# BSODs from hal.dll



## DocBadwrench (Jun 9, 2009)

I have previously posted about some blue screen of death issues that I was encountering. Over time, my issues subsided. However, this problem has started cropping up recently, like a bad flu. I wanted to run the following image past some of you.








​
I ran *BlueScreenView* from Nirsoft and it produced a report. From this report I created the preceding graphic. I wasn't previously aware of our buddy "hal" until running this report. I'm quite sure it's because I can't separate the wheat from the chaff in windows error-reporting-land.

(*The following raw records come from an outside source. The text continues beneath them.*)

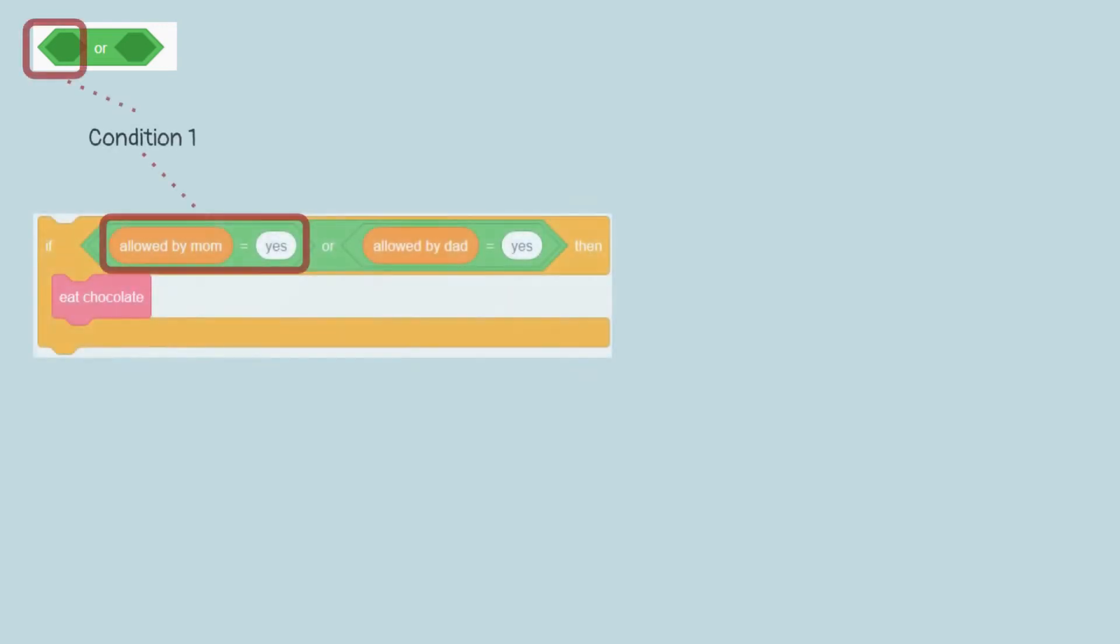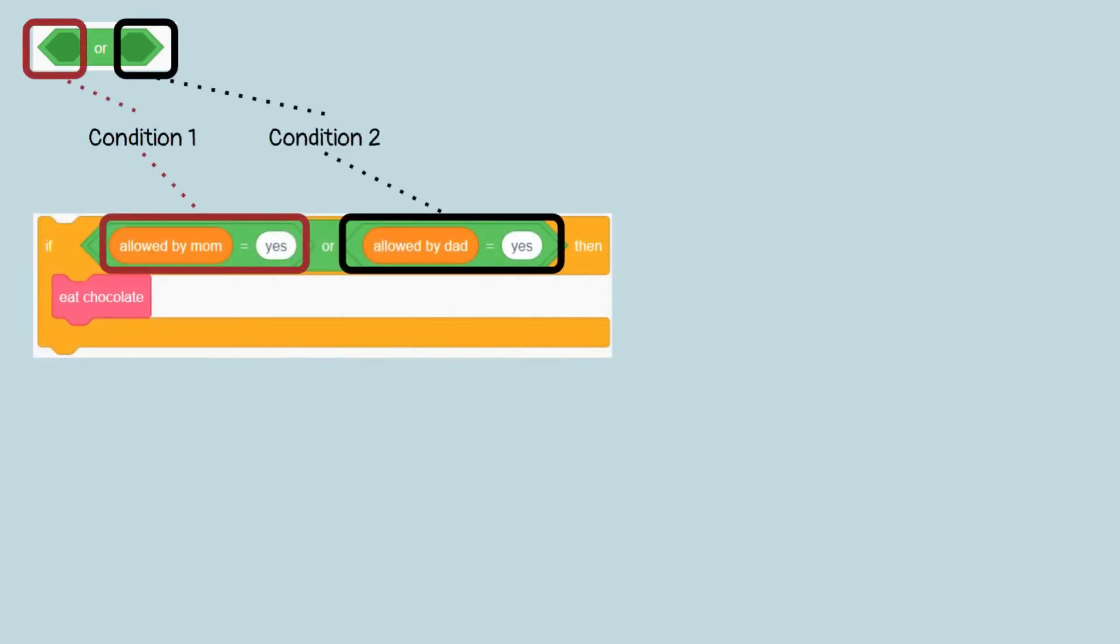The logical or block is used if there are two conditions, and you only need one of them to be true. For example, you want to eat chocolate. You can eat chocolate if your father allows or your mother allows. You only need permission from one of them as allowed, you don't need permission from both.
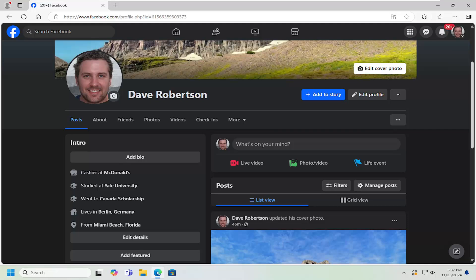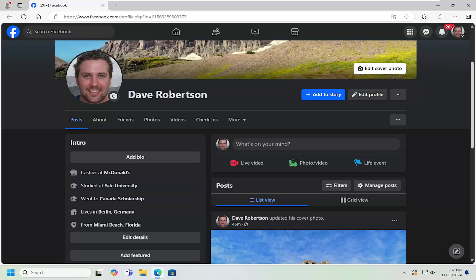In today's tutorial, I'm going to show you guys how to add a website to your Facebook profile page so people can be directly linked to it. So if you have a personal website and you want to link it to your intro section, I'm going to show you guys how to do that. Without further ado, let's jump right into it.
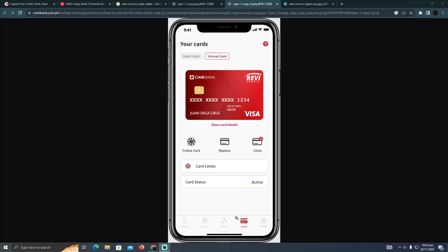As you can see, you have to open up your app and go to the card section where you'll see these options. Simply click on 'Show Card Details.' This will show your card number, name, expiration date, and all the necessary details.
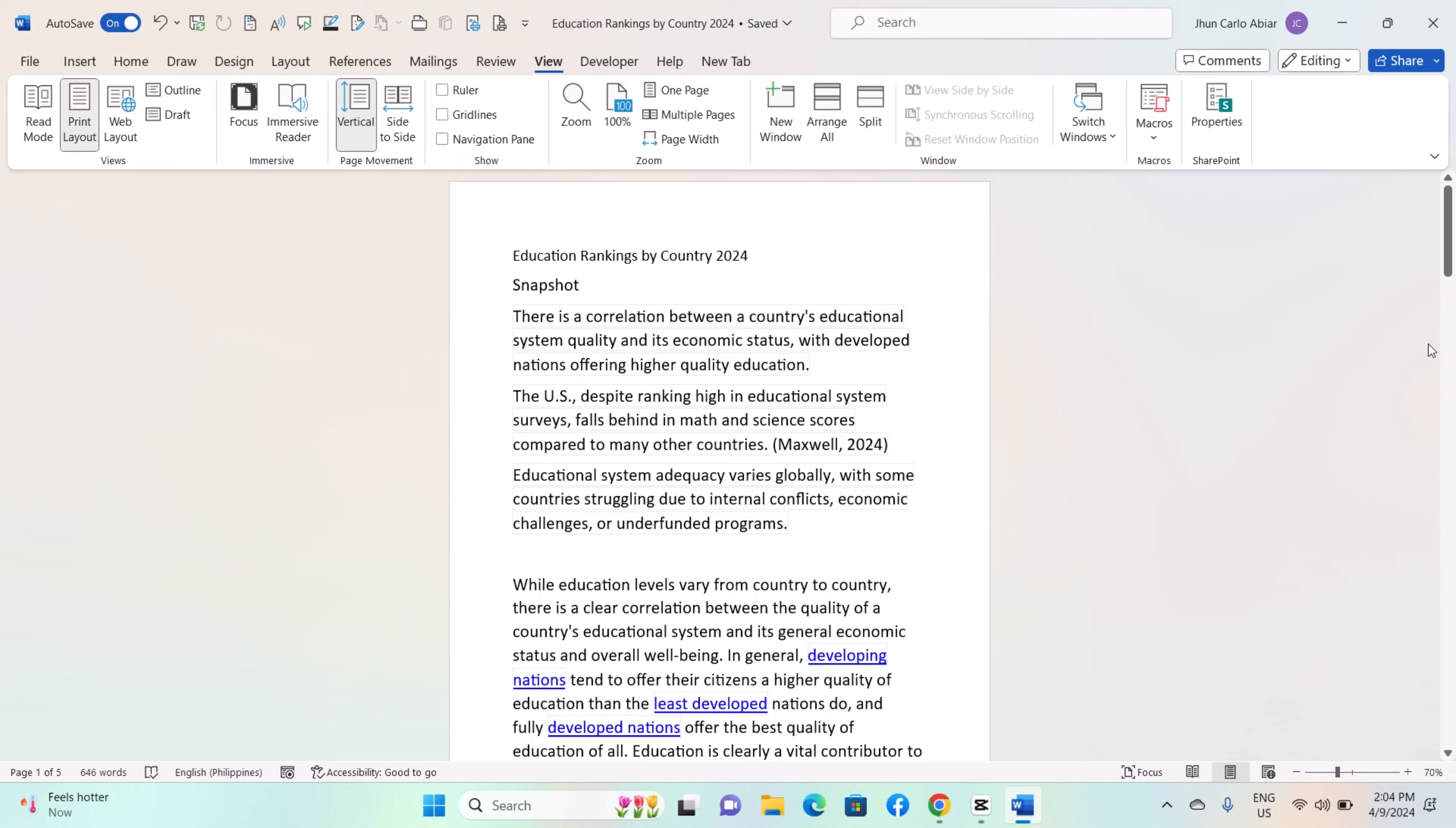Hey everyone, today I will be showing you how to use the split view feature for dual document editing on Windows MS Word, and here is how.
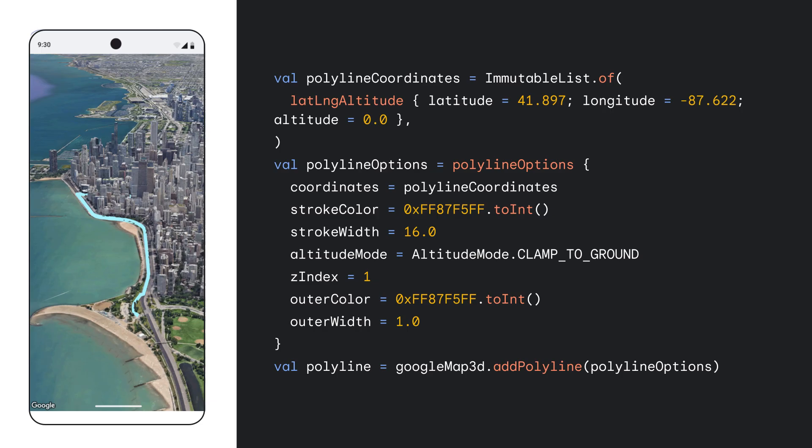The Maps 3D SDK also provides methods for drawing vector graphics on your 3D maps using polygons and polylines. These elements can be invaluable for highlighting specific areas, defining routes, or conveying spatial information to your users. Polygons are closed, filled shapes with the ability to add one or more holes inside the polygon. Polylines are not closed and do not support holes.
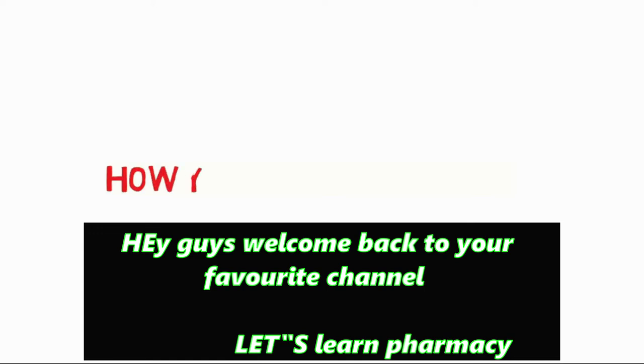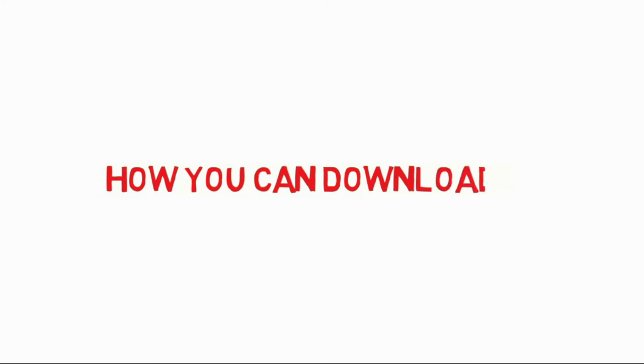Hey guys, welcome back to your favorite channel, Let's Learn Pharmacy. In today's video, we're going to show you how you can download all semester books and notes. So let's begin.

How would I go about pursuing this issue further? As a point of reference, I have found that my PC is very sensitive to heat - at least _seems_ that way. Right now my office is frigid thanks to an unexpected cold snap and I've been running well throughout the day save once this morning.


----------



## dlsayremn (Feb 10, 2008)

Could be a bad hal.dll file. Usual error is missing or corrupted. It is an XP OS file and has something to do with loading hardware at startup.
.

Have heard that some ppeople had problems with it after installing IE8.

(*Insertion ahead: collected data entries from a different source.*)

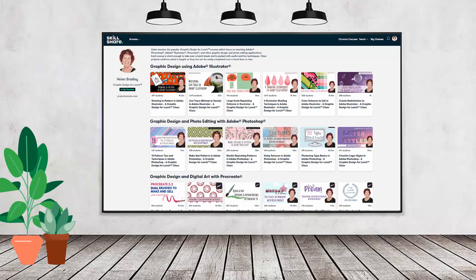If you like carefully researched content like this, clearly presented in a step-by-step format so that you can get great results, then you'll love my Skillshare content. I'm a Skillshare top teacher with hundreds of short courses you can access along with thousands of other great courses, all for the price of a single subscription. There's a Skillshare coupon in the description below. Using it benefits me as a creator and helps me continue to make free content available here on YouTube.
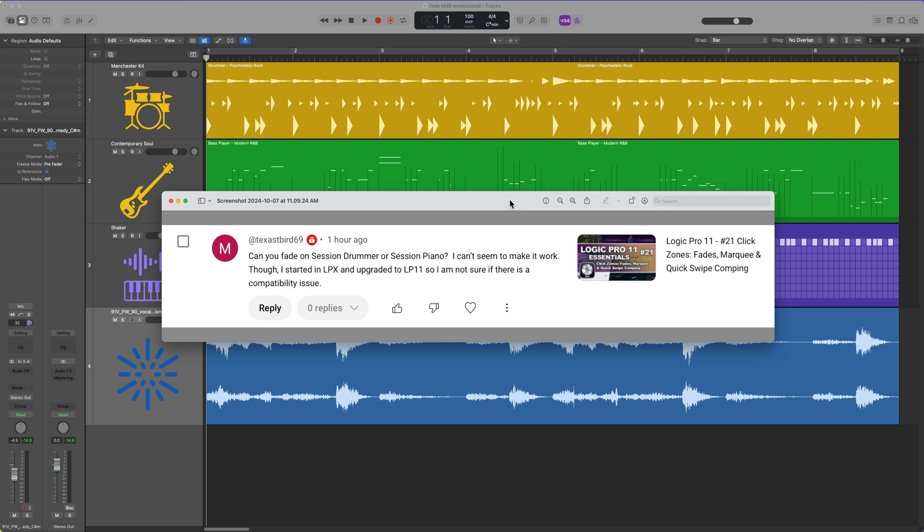Hey, what's up, everyone? This is Music Tech Help Guy, and I've got another really short Logic Pro Quick Tip video here for you today. This is a question I get asked a lot, and Texas T-Bird69 asked this on one of my Logic Pro Essentials videos: Can you fade on session drummer or session piano regions? I can't seem to make it work.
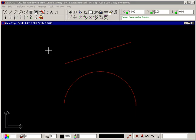The Divide Entity by Distance command lets you divide an entity into two sections at a specified distance along the entity.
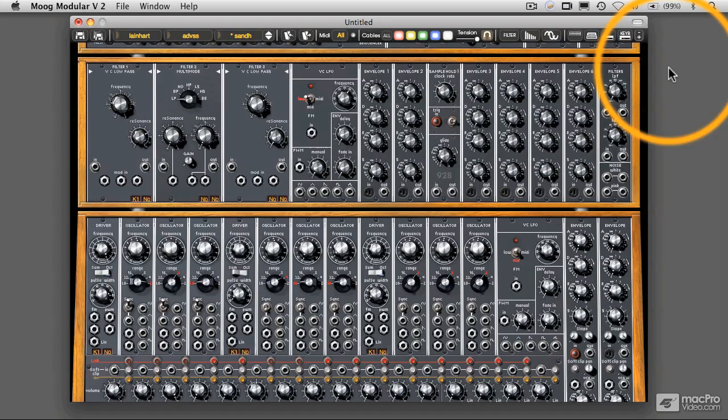Hello there everybody, this is Richard Lainhart, and I'd like to welcome you to my new online series entitled Advanced Sound Synthesis.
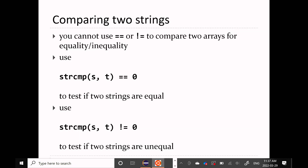If you want to compare two strings for equality, you cannot use == or !=. Remember what strings are in C — they're just arrays of char. So if you use the name of the array, that's just a pointer. If you use == or !=, that compares whether two pointers point to the same object, not the same sequence of characters. The function to use is strcmp — use strcmp equal to zero to determine if two strings are equal, not equal to zero to determine if they're not equal.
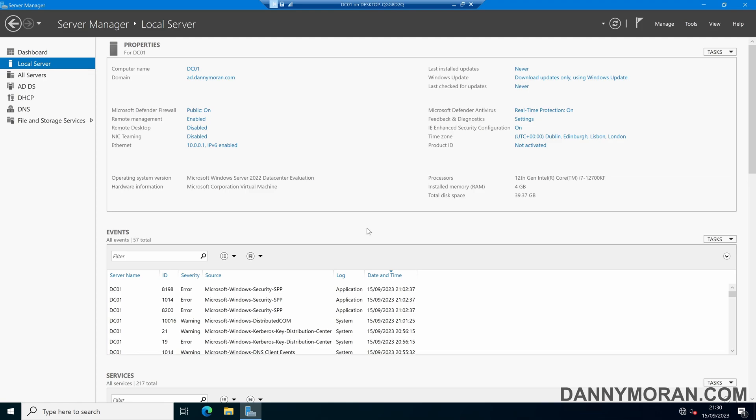I'm going to show you how you can set up logon auditing for Active Directory so that you can track successful and failed logon attempts, which are then recorded in the security event log within the event viewer.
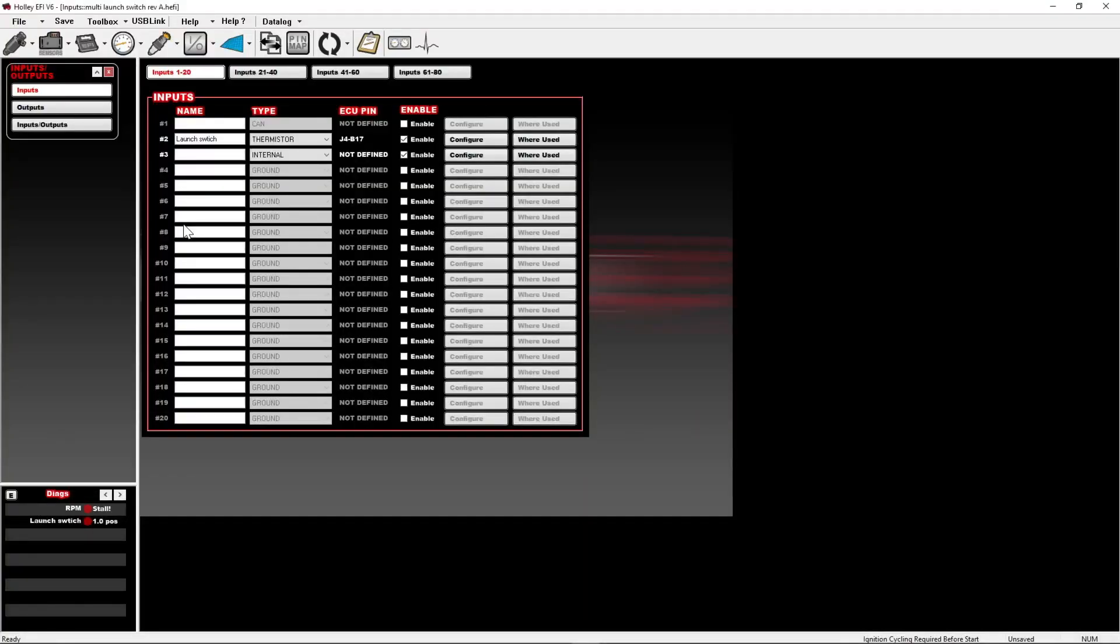To start things off, I set up a launch switch. This is going to allow us to choose our various boost, timing, nitrous, whatever tables you choose, or even a two-step offset in the advanced tables.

Article from About.comC Support on how to restore it.
http://pcsupport.about.com/od/fixtheproblem/ht/restorehaldll.htm

Another article with more possible solutions.
http://pcsupport.about.com/od/findbyerrormessage/a/missinghaldll.htm


----------



## DocBadwrench (Jun 9, 2009)

Thanks for the links. I have examined all that information and am still sorting things out. I include the following *XLS document* to help elucidate further. I've included as much information as possible to add more to my query.


----------



## DocBadwrench (Jun 9, 2009)

In the interest of ensuring that these problem threads eventually conclude with some good results, I offer this advice - courtesy of the _awesome_ Heiler (from the Major Geeks community):

The *problem* is due to a problem with the motherboard wherein the front side bus - running at full speed - creates a fatal error of some kind.

The *solution* is to *underclock the front side bus* ever-so-slightly. Per Heiler's instructions, I downloaded and installed Systool. The program doesn't immediately know what motherboard I'm using, so I take the following steps:

(1) Select CPU Overclocking from the list, then (2) within the Clock Generator drop-down, select "nForce4". Next (3), click the Read button. (4) Slide the FSB: slider down to at least 190.00 (I have tended to use 180.13). Also, (5) check the FSB limit and enter 190. Then (6) click on the Write button.

Presto, the FSB is underclocked and my blue screens go away. If only I could figure out how to do this automatically upon start-up, I'd be all set. At the very least, I could write a MacroExpress macro, but I will perform these steps by hand for the near-future.

I hope this is helpful.


----------



## dlsayremn (Feb 10, 2008)

DocBadwrench,

Thanks for the information. Hopefully someone here will know how to make the changes you need permanent.


----------